Peggy’s also looking for something that’s not there in a career at Sterling Cooper. Her feedback during a panel on cosmetics is so impressive that she’s given the opportunity to write copy. As exciting as this is for our starry-eyed Miss Olsen, the reality is far removed from her hopes. I’m not talking about the fact that he promotion comes with more work for the same pay (although that’s bad enough), I’m talking about the fact that it comes just after we’ve seen the boys of Sterling Cooper at their worst. The observation of the research panel kicks the sexism up two notches and, even as they recognize her talent, the men can’t help but demean Peggy, “It’s like watching a dog play the piano.” This agency isn’t the place for Peggy to have aspirations.
Finally, we’ve got Don in his never ending quest to have it all. His illusions aren’t limited to the realm of Sterling Cooper, but encompass his entire life. The episode opens with a rather on the on-the-nose metaphor about Don’s home life coming crashing down and then the series’ first flashback gives us a glimpse of the “real” Dick Whitman. I think that this is also the first time that all three of Don’s love interests have appeared in the same episode as he has a meeting with Rachel and a liaison with Midge. It’s all part of the balancing act Don showed us in the opening scene with the breakfast tray, and we know that a fall is coming.
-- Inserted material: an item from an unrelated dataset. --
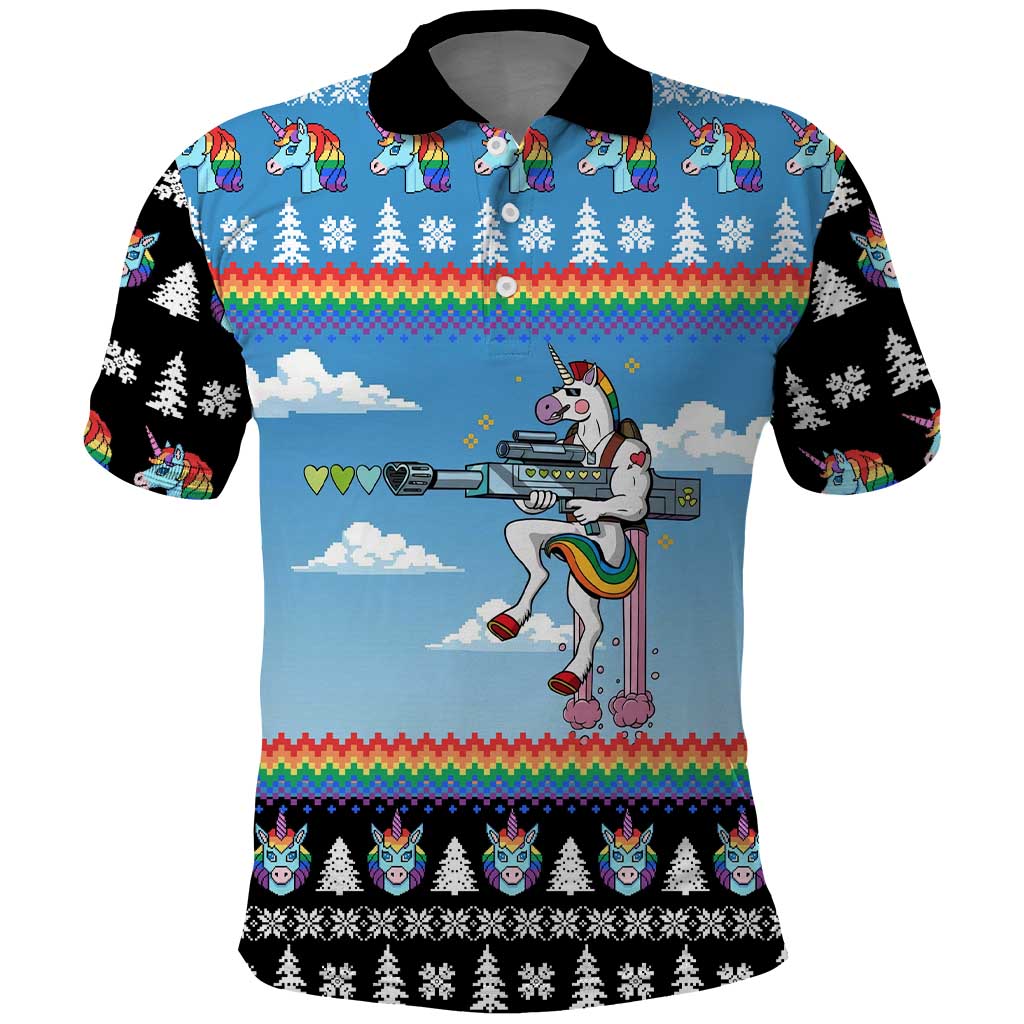 Unicorn Pew Pew Christmas Polo Shirt Xmas Holiday Patterns - Wonder Print Shop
Not only is the Don personae itself a lie, but so are the things he aspires to.
Christina Hendricks really was great throughout this episode, her interactions with Peggy being every bit as engaging as those with Roger.
The illusory ideal also works as a metaphor for the whole enterprise of advertising.
Peggy’s quiet observation while the other women get frenzied over the cosmetics was pretty great, particularly with the men initially not understanding it.
As I said at the outset, this episode left me cold in spite of all the excellent stuff going on. The finally image was particularly great as Joan, carrying her unwanted bird, stands well apart from Roger as they wait for separate cabs. And still, I found myself thinking “what a great image” rather than having any sort of emotional response.